On Sunday night, as I was making my way along the inside moat road admiring the little candles being placed along the sidewalk as part of the Loy Krathong festival, I ran into two of my friends Aek and Mix. They were on their way to meet friends to go to Amooga, a Thai barbeque restaurant, for dinner and invited me along. And by invited, I mean they told me I was coming along. I never made it to where the main festival activities were taking place. Instead, I had a much more satisfying evening spent with friends and experiencing a meal I wouldn’t have had the chance to experience otherwise.
Thai barbeque is a type of hot pot meal, although instead of boiling the food in the water, the steam and heat are used to grill the food on the top of the plate. The cooking plate is placed over a burner on the table and the trough around the edge is filled with water. To start, everyone fills a plate (or two or three) with whatever types of meats and vegetables they want to eat. The meat options ranged from steak and chicken to squid, and everything in between. Still not sure what half of the options were. Then the cooking and eating begins. My eyes were definitely bigger than my stomach. Not to worry though, the boys took care of finishing all the food on the table (much to my astonishment) and two bottles of SangSom The whole meal, including non-alcoholic beverages and coconut ice cream for dessert, cost 199 baht (or just under $7).
On the way back to the old town, we stopped to launch a krathong. My krathong had banana leaves folded into intricate points, giant yellow marigolds and purple orchids. I lit my joss stick (incense) and the candle. Keeping the candle lit proved to be a futile task in the light breeze that had started blowing. Placing a few strands of hair on the krathong, I made my wish and let it go in the Mae Ping (river). Sadly, I don’t think my krathong made it very far as it had trouble catching the current and ended up bunched against a branch with several other krathong. Still, just maybe my misfortunes will be floated away and my wish will be granted.
Rain, Rain Go Away…
November is a transition from rainy season to cool season in Chiang Mai. The warm daily rains of the wet season are replaced with sporatic cooler evening storms. Many days the clouds just threaten. The last two nights though we have been graced with torrential rains. The first night I was caught on the other side of the old town with my motorbike. I had forgot how cold riding a motorbike in the rain can truly be. Even on the short journet back to the Blue House, I found myself trying to take as much advantage of the heat of the other cars as possible.
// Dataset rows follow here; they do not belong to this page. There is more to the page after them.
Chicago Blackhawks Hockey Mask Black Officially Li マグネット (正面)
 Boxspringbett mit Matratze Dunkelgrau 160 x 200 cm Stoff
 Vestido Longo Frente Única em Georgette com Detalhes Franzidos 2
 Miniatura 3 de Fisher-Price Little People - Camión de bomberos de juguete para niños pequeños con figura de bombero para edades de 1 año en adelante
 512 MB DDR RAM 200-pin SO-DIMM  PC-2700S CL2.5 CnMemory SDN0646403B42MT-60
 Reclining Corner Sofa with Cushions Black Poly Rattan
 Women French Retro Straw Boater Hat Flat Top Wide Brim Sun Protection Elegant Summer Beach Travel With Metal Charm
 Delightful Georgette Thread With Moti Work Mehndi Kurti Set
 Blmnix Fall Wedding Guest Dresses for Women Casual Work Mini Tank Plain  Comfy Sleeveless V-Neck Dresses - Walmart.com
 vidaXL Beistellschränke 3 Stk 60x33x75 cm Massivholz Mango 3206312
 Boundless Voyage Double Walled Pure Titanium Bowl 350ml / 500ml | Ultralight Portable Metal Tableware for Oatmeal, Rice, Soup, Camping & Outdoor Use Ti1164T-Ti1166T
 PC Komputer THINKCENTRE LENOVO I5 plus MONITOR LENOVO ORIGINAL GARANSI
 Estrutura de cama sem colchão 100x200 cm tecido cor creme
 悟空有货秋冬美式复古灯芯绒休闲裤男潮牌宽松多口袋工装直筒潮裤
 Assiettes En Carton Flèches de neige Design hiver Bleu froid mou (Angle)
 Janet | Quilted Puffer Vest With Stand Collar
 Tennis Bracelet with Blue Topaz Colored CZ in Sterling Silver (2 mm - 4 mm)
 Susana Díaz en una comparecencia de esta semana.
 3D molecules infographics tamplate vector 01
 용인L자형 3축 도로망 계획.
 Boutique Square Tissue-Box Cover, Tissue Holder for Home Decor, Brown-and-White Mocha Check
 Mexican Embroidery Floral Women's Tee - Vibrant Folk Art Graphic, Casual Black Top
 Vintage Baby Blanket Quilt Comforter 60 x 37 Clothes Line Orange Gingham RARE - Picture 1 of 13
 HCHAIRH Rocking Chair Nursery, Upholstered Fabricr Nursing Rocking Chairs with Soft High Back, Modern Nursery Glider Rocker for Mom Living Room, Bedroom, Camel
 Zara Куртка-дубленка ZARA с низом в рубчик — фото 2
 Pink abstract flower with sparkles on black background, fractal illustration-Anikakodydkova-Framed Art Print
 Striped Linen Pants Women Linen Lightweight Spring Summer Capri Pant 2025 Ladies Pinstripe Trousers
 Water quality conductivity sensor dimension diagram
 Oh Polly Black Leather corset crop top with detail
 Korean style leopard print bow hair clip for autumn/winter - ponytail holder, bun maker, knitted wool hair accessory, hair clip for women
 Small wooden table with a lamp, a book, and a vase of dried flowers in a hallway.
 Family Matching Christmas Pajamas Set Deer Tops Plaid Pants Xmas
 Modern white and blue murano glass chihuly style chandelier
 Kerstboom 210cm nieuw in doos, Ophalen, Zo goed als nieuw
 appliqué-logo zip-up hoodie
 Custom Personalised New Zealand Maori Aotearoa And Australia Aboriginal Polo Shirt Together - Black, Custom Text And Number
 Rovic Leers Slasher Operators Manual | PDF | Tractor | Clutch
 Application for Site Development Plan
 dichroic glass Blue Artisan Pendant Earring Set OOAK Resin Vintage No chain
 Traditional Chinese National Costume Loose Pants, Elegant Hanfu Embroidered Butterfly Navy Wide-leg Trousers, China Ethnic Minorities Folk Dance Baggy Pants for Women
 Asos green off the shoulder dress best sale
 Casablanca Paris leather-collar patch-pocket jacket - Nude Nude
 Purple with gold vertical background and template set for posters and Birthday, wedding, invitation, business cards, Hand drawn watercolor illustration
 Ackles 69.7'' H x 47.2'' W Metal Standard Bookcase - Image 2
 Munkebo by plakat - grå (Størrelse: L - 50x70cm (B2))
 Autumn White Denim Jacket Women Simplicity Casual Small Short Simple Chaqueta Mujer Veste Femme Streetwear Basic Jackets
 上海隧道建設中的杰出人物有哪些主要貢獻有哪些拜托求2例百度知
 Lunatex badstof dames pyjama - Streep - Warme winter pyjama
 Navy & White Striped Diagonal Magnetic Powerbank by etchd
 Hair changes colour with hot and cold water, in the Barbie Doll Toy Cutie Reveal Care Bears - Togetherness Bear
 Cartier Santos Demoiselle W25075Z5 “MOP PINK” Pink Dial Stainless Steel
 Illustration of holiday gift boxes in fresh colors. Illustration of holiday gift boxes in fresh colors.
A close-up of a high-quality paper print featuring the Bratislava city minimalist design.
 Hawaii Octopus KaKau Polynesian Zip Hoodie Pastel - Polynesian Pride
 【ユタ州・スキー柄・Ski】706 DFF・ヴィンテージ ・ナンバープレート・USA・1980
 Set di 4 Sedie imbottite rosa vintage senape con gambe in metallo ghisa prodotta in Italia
One of the Loy Krathong events is a parade showcasing brightly lit, highly ornate floats bearing the winners and contestants in the Noppamas Queen beauty contest. All of the floats and participants were staging when the rain started falling. All the beautiful women, dressed in their finest were rescued from their floats as fast as possible and all the parade participants went scurrying for cover. I headed home as quickly as possible, lacking either a rain poncho or an umbrella, assuming the parade was cancelled given the torrential rain that we had all night.
The other downside to the rains is the number of mosquitoes. The voracious mosquitoes take any opportunity to grab a drink of blood. Finally resorted to buying some mosquito repellent. I think the mosquitoes are just laughing at it though as I’ve managed to continue to amass welts from bites.
I am also now the proud owner of an adorable blue umbrella with a polka dot trim. Hopefully I don’t have to use it too much, especially while riding my motorbike.